In a letter to Lorrin A. Thurston in 1910 , Jack London wrote : “Believe me, Stevenson's Father Damien letter is more effective every minute than anything I have ever written, and it will certainly continue to do so in the future have and will ever write. "
Bertolt Brecht expressed his praise for the book Der Junker von Ballantrae in his glosses to Stevenson in 1925 , feeling it as an extraordinary example of an adventure novel, “in which the reader's sympathy for the adventurer himself (on whom all other adventure novels live) only begins to enforce with difficulty. As I said, an invention of the very highest order. "

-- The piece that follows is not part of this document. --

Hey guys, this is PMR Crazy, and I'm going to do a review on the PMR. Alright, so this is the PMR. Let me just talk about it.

In the Italian newspaper L'Unità of June 27, 1950, Cesare Pavese stated : “With Stevenson, the stylistic demands of the French naturalists, wrapped in exotic magic, found their way into English literature. One can say that the beginnings of the most important prose of our century are to be found here. "

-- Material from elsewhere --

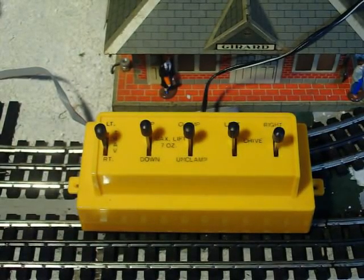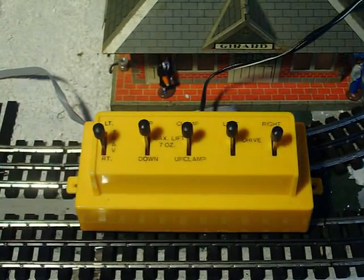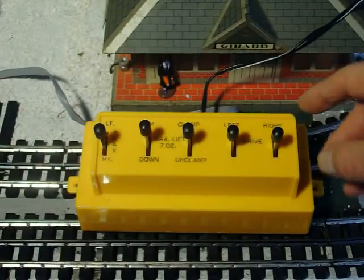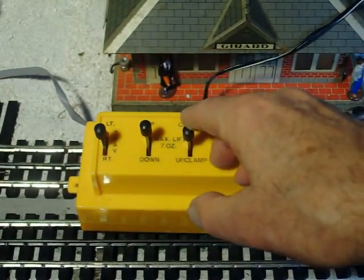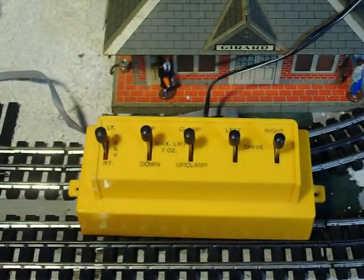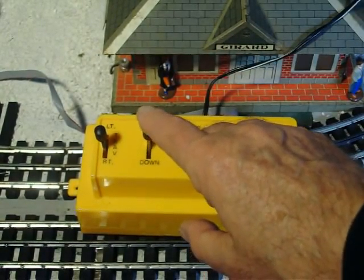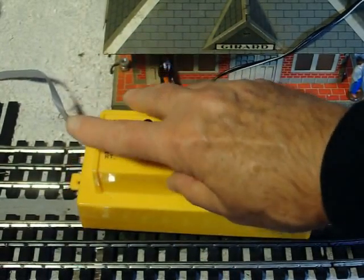All right, this is the control panel for the unit, and it has two controls for the wheels. These are left and right wheels, and they will go forward or reverse. It has the lock and unlock that you saw before, which moves the forearms that pick up the intermodal container. This raises the whole thing up and down, and this moves it back and forth.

The Russian-American writer and literary critic Vladimir Nabokov held Stevenson in high regard and wrote a foreword to an edition by Dr. Jekyll and Mr. Hyde and included it in 1980 in his book Lectures on Literature (The Art of Reading. Masterpieces of European Literature) , which brings together Nabokov's most famous lectures. Stevenson found a place of honor there alongside Jane Austen , Charles Dickens , Gustave Flaubert , James Joyce , Franz Kafka , Marcel Proust and others.
meaning
Stevenson was well known during his lifetime, but when classical modern literature emerged after World War I , he was considered a second class author in Great Britain, limited to the genre of children's and horror literature . Authors such as Virginia and Leonard Woolf rejected his works, and he was struck from the canon of literature . Exclusion peaked in 1973 when Stevenson was not mentioned in the two thousand page Oxford Anthology of English Literature . The Norton Anthology of English Literature excluded it from 1968 to 2000 and did not include it in its eighth edition until 2006. It was not until the late 20th century that Stevenson recognized again as a first-rate author, as a literary theorist, essayist and social critic, as a humanist and as a witness to the history of the Pacific Islands. Today Stevenson is back in line with Joseph Conrad , who was influenced by Stevenson's South Seas stories, and Henry James .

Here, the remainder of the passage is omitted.